Gods Deconstructed

Beliefs and their objects, dismantled.

Evolution of Belief: Fetishism

It would be a mistake to think that the evolution of belief was like some sort of punctuated equilibrium, one belief being dropped when another was invented. Far from it. It would be more accurate to think of beliefs as memes that act like DNA, gradually evolving and building a genome over time. Animism did not give way to totemism, rather elements of animism and totemism merged as human beliefs evolved. Sure, over time one belief may have eventually been superseded by another but the evolving beliefs invariably incorporated elements of the earlier beliefs. Maybe earlier beliefs were eventually junked but they often remained in the background of people’s minds, reappearing as superstitions, which, while not real, helped humans get through their often miserable existences.

The evolution of beliefs usually went hand-in-hand with the social evolution of a family, eventually the amalgamation of a number of families and the evolution of social structures associated with a tribe. Each family’s beliefs merged or the biggest or most powerful family forced its beliefs on weaker ones. Usually the retention of a belief in its original form depended on a group of families, a tribe, being completely isolated from other tribes and societies.

The evolution of fetishism as a belief is often confused with magic or sexual deviation but it was one of the most important developments in human thinking. A fetish is an object, usually artistic, which has a special meaning. We saw that the artistic elements of totemism probably began as paintings on cave walls or rocks and probably depicted the totem of a family. It is, however, impossible to isolate painting as an art form. Remember that humans were still early in the stone age but were developing ever more sophisticated tools for killing and cutting meat, preparing vegetables, skinning animals for their fur and building living accommodation and modes of transport. Boats. As improved methods of working flint developed, chipping ever smaller pieces of flint became possible. Thin slivers were ideal not only for skinning but also for carving objects from materials like wood.

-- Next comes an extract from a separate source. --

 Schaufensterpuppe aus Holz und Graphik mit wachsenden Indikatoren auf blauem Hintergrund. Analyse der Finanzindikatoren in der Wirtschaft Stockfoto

At first, objects were decorative, often used for bodily adornment. However, humans found that their brains could do something quite remarkable. They could think in the abstract.

Let us not forget that humans, although their societies were increasing in size and complexity, were still hunter-gatherers moving from place to place within an area. Painting a totem on a cave wall or rock meant that it would have to be repeated in all areas the tribe visited and would have become a particularly odious task. So the painting would instead be in one cave or on one rock in a place visited by the tribe. How much easier it would be to be able to carry a family’s totem with them? But there was a serious problem with that idea; if a family’s totem was a wolf but they visited areas where wolves did not roam, how could a model of the totem represent the animal in which their ancestors resided. The totem was a real thing, a part of their world, and as real as their departed ancestors. If the wolf was not in a place they visited before they developed the fetish they knew they would eventually return to the place where the wolf did roam and therefore they would return to their ancestors. Their ancestors were never far away.

Thinking in abstract, however, allowed humans to think of the object depicting their totem, their fetish, as a representation of their dead. But if their dead resided in the totem but not in the fetish, how could they keep their ancestors with them? For some humans it would not have made sense. So maybe their ancestors did not actually live in the totem but instead lived in a different world, a spirit world, and their spirits could coexist in the spirit world and in their fetish? Or their fetish need merely be a representation of the spirits who existed in the spirit world?

The development of fetishism meant that humans had to devise a new way of thinking about their dead. Being able to think in the abstract about their world allowed the invention of a spirit world. The evolution of of abstract thoughts about spirits would eventually lead to the invention of religion. Before then, however, humans found they had a more pressing problem. Their fetishes were all well and good but they couldn’t converse with the spirits of their ancestors residing within them like they could a living totem. The totem need not be able to speak but it could show them the way and protect them. Maybe each family or tribe needed someone special who could communicate with the spirit world and let them know what their dead were trying to tell them that would help them, the living, in the real, non-spirit world.